〔20世紀美術の挑戦ールートヴィヒ美術館展〕95.8.29
ドイツのケルン市にある現代美術の専門美術館であるルートヴィヒ美術館の所蔵作品の中から78点を選び、20世紀美術の流れを外観しようという企画展。五つのセクションに分かれている。
○第一セクション
ここは、ピカソとパリの画家たち。20世紀初頭の画家たちの作品。
○第二セクション
ここは「ドイツ表現主義とバウハウス」と題し、ドイツ表現主義の三つの流れを代表する画家たちの作品がならぶ。
○第三セクション
ここは「ロシア・アバンギャルド」。

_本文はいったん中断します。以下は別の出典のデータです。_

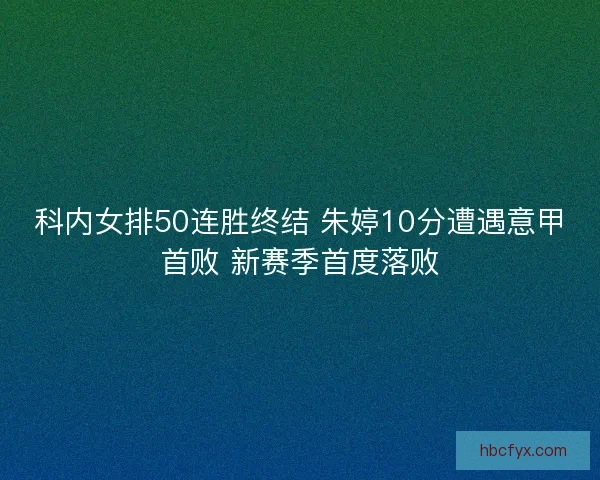 科内女排50连胜终结 朱婷10分遭遇意甲首败 新赛季首度落败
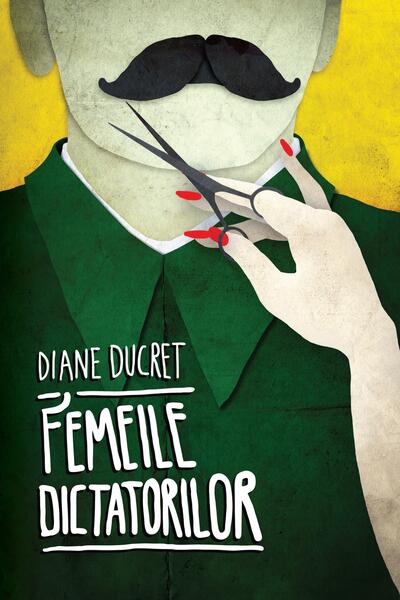 Femeile dictatorilor (Vol. 1) - Diane Ducret - Curtea Veche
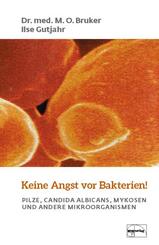 Keine Angst vor Bakterien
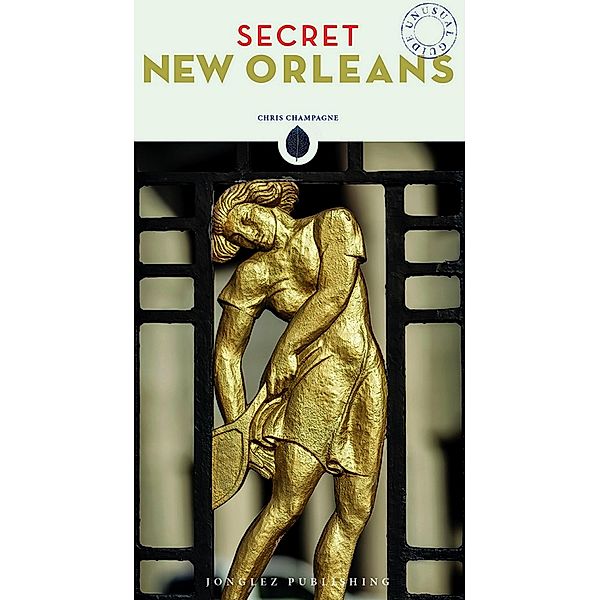 Secret New Orleans / 'Secret' guides, Chris Champagne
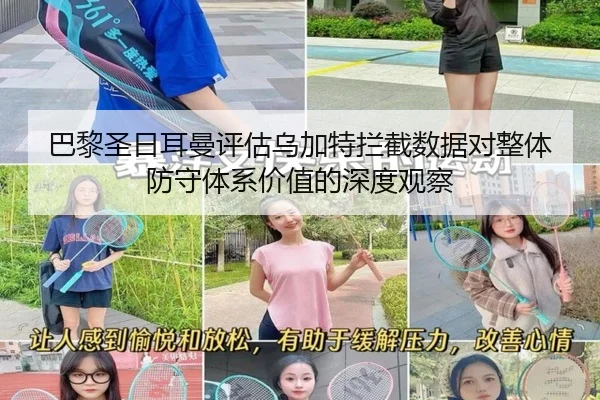 巴黎圣日耳曼评估乌加特拦截数据对整体防守体系价值的深度观察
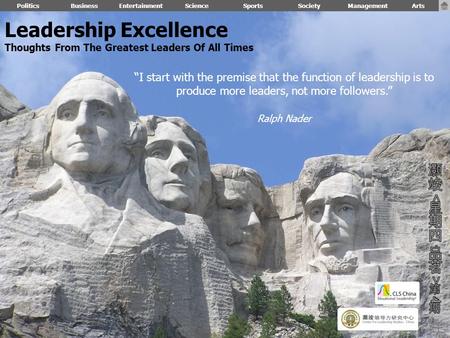 Leadership Excellence Thoughts From The Greatest Leaders Of All Times PoliticsBusinessEntertainmentScienceSportsSociety “I start with the premise that.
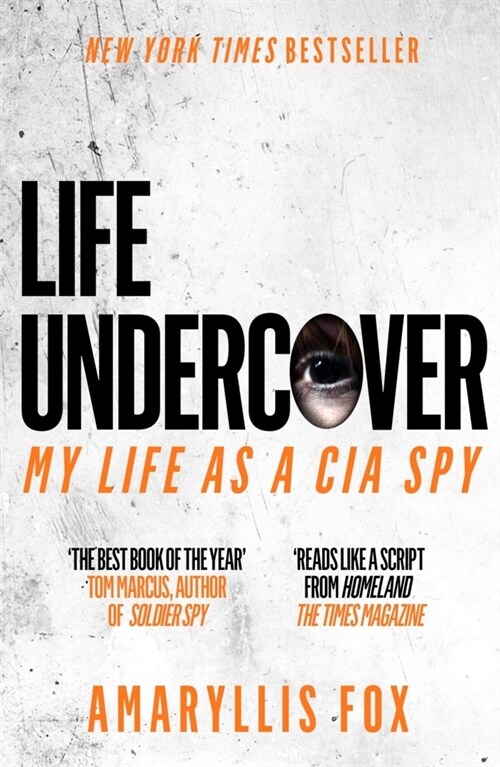 Life Undercover : My Life in the CIA (Paperback)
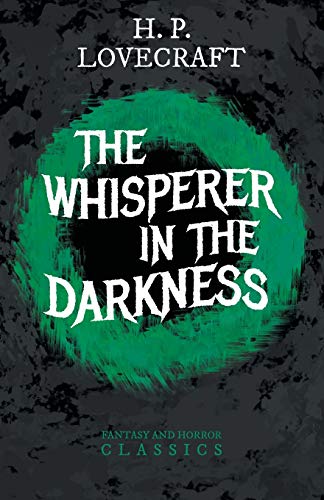 The Whisperer in Darkness (Fantasy and Horror Classics): With a Dedication by George Henry Weiss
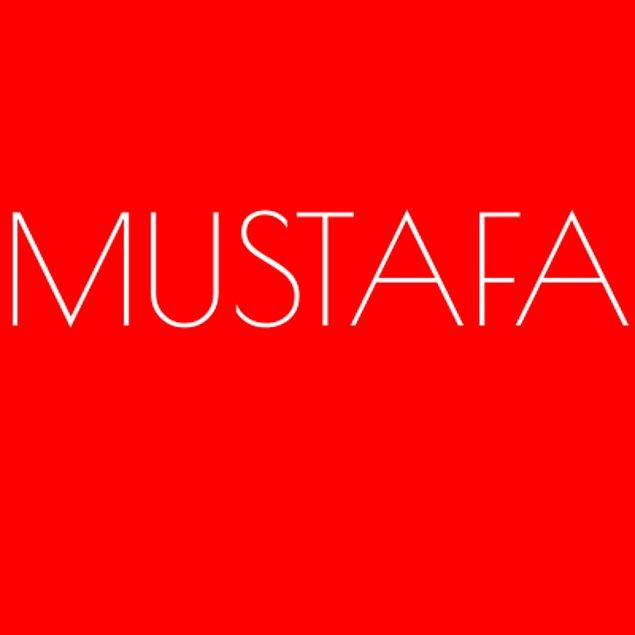 Mustafa!
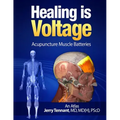 Healing is Voltage: Acupuncture Muscle Batteries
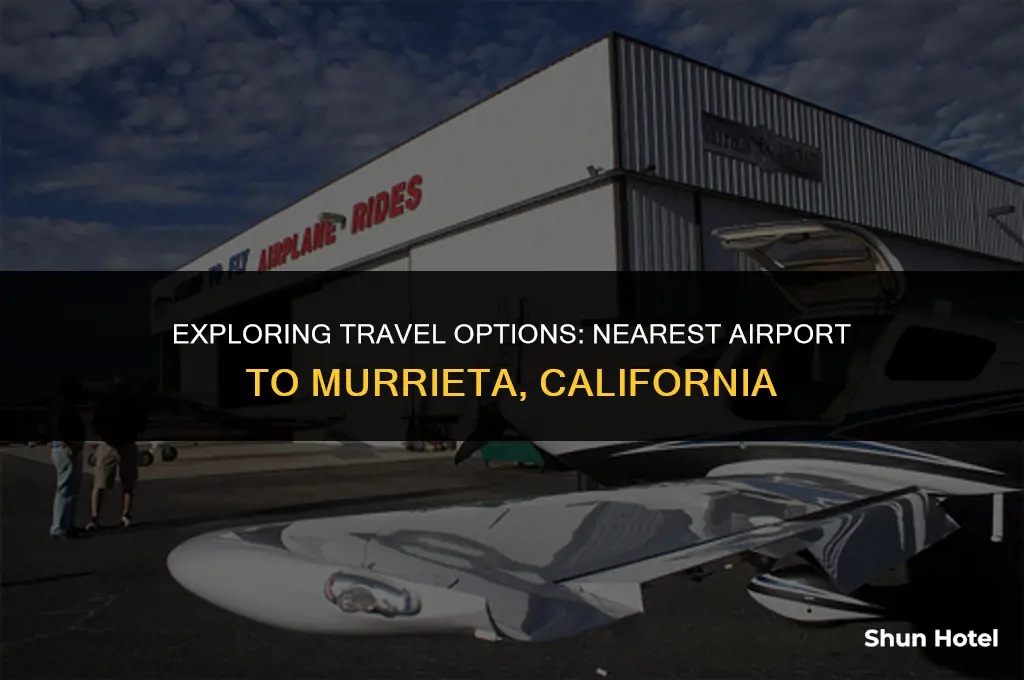 what airport is closest to murrieta ca
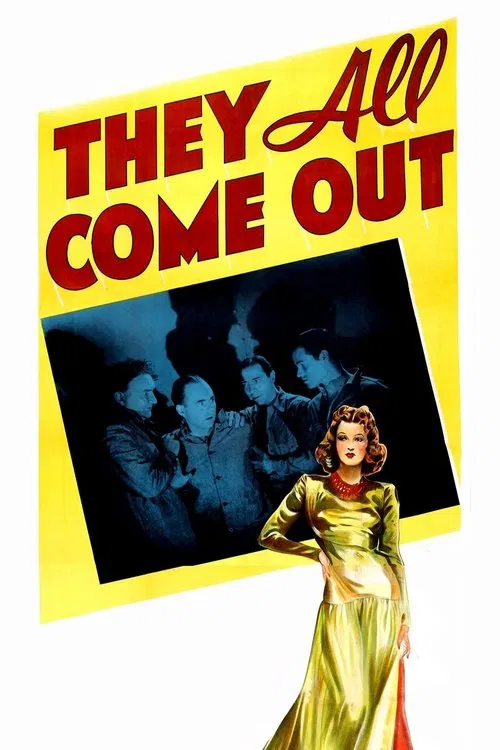 Постер: They All Come Out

革命直前のロシアの前衛芸術の数々。
○第四セクション
ポップ・アートとアメリカ絵画。60年代以後のアメリカの作品が並ぶ。
○第五セクション
ドイツの戦後の作品が並ぶ。
見終わっての感想。
20世紀美術の流れという企画はもう古いと思う。しかも、この程度の作品の数では、充分にそれすらつかめない。作家数が多いわりに作品の数が少ないため、流れを見るには物足りないし、個々の作家の作品を見るにも数が少ない。全体を見るより、個々の作家の作品を深く見ていった方が意義があると思う。
中で一つだけ印象に残った作品があった。
○カンディンスキー「白の描線」
色彩がとても透明。油絵とは思えない。白い中心部の線がまるで生きているようで、幻想的な作品である。
表現主義の作品は、なぜにこうも色が毒々しいのだろうか。魂が煮えたぎっているかのよう。美しさも救いもない。ただ不安なだけ。カンディンスキーの初期の作品は色彩が透明で美しい。未来に希望を持っていたせいか?